Houseplants generally prefer moderate to hot indoor temperatures (50 to 80°F), so if you live somewhere very cold, keep them away from drafty doors and windows and out of unheated rooms. This applies in offices and classrooms, too: plants will suffer when the heat is turned off at night or on the weekends. Regular watering is also important, but overwatering is often as bad as underwatering. For most houseplants, let the soil dry out on the surface. You can stick your finger into the dirt to check moisture. If it’s dry below the top inch of soil, or if the plant is wilting and looking less green, it’s time to water.

When to water

To keep plants well hydrated, set up a watering schedule by picking one day a week and watering all of your plants deeply. (Some say not to water at night, as that can encourage bad microbes in the soil, but if you water infrequently and let the soil dry between waterings, this shouldn’t be a problem.) When adding water, the whole surface of the soil should be wet—but not overflowing—and the water should soak into all the roots. (You can gently lift up the pot to check for moist, happy roots through the drain holes.) Watch the saucer, or outer container, for any overflow, which can be emptied into the next thirsty plant that needs watering.
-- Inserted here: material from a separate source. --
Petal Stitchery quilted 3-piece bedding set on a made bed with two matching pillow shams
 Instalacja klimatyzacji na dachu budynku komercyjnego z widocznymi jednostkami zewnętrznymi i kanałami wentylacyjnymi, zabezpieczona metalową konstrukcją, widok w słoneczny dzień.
Many houseplants are tropical, so ice-cold water can hurt them—and boiling water will kill most plants. (It’s therefore an effective organic weed control.) A few ice cubes left on the soil works great for watering smaller plants, since the cubes melt slowly, reducing shock to the plant’s system. This method is often recommended for orchids, which need just a little water at a time. For most other plants, let the water sit and adjust to near room temperature before pouring. Filtered or harvested rainwater is helpful in limiting or avoiding salt and mineral buildup in the potting soil. Some plants are more sensitive than others, and some municipal water supplies contain more minerals than others. Using filtered water avoids the issue, plus it’s a great way to recycle extra water (that half-full pitcher of drinking water you were about to empty in the sink, for example). If your houseplants live outside during the warmer months and you get summer rains, let them soak in the clean rainwater. This will leach out any salts and minerals that may have accumulated from hard tap water.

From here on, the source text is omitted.